The scale of the challenge is real. According to the report, data centers are projected to account for between 6.7% and 12% of total U.S. electricity consumption by 2028, up from 4.4% in 2023, with much of that growth driven by AI-related computing.
“These projections have led some commentators to raise alarm, arguing that data centers could overwhelm already overburdened power grids and threaten reliability for many Americans,” Ferrraro writes. “But this framing misidentifies the source of the problem. The relevant policy question is not whether to accommodate data center growth, but how to facilitate the transition toward expanded electricity capacity.”

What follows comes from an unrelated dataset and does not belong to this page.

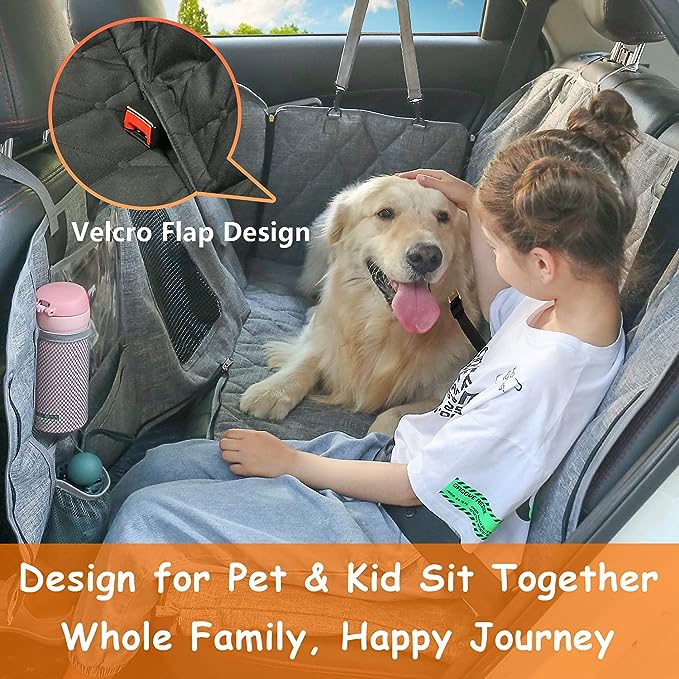 Dog Seat Cover | Waterproof Dog Car Seat Cover Back Seat Hammock with Mesh Visual Window & Side Flaps & Dog Seat Belt, Scratchproof Pet Seat Cover for Cars, Trucks, SUVs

America has absorbed major electricity shocks before. The grid expanded through wartime industrialization, air conditioning, the computer revolution, and the rise of the internet. None required policymakers to freeze technological progress in place. The question is not whether the grid can adjust. It is whether policy will allow prices, investment, and innovation to do their work to improve our lives.
The near-term problem is especially important because electricity is unlike most goods. It must be produced and consumed in real time. Power plants, transmission lines, and grid operators must constantly balance supply and demand. When demand spikes and supply is constrained, the system cannot simply pull extra electricity off a shelf.
In most markets, scarcity is communicated through prices. Hotel rooms become more expensive during peak travel. Airline tickets rise when flights fill up. Concert tickets increase in price or sell out when seats are limited. Those prices convey information. They tell consumers that capacity is scarce and encourage some people to shift timing, reduce consumption, or choose an alternative.
Electricity markets often fail to do that at the retail level. Wholesale electricity prices can rise quickly when the grid is congested, but most households and businesses pay fixed retail rates that hide real-time conditions. As the report explains, “the wholesale market is highly responsive” while “the retail market is largely fixed and predictable.”
That disconnect matters. If a family is cooking dinner during a period of grid stress, it usually has no idea whether electricity is unusually scarce at that moment. If prices reflected that scarcity, some consumers might delay use or shift consumption to less strained hours. When millions of consumers face fixed prices, demand remains high precisely when the system is under the most pressure.
The same logic applies even more strongly to large users, including data centers. If major electricity consumers face pricing that reflects scarcity, they have stronger incentives to manage load, improve efficiency, or reduce strain during critical periods. The report identifies real-time pricing, peak-based charges, and interruptible service agreements as examples of tools that can align private incentives with system reliability.
That does not mean policymakers should punish data centers or obstruct technological growth. Quite the opposite. Data centers power services Americans rely on every day, from cloud computing and digital platforms to emerging AI tools that could drive major productivity gains across the economy. A policy of delay would not strengthen the grid. It would make America less competitive and less prepared for the next technological revolution.
Nor does it mean the country can avoid building. In the long run, rising electricity demand will require major investment in generation, transmission, storage, and efficiency. But in the short run, the most immediate opportunity is to use existing capacity more intelligently by allowing prices to communicate scarcity before the system reaches a breaking point.
“Data centers are not overwhelming the grid,” Ferraro concludes. “They are exposing a system that does not price scarcity. The solution isn’t to slow the data centers. It’s to fix the pricing. The solution in the near term is straightforward: better price signals, fewer regulatory barriers to flexible rate structures, and demand that responds when the system is under strain.”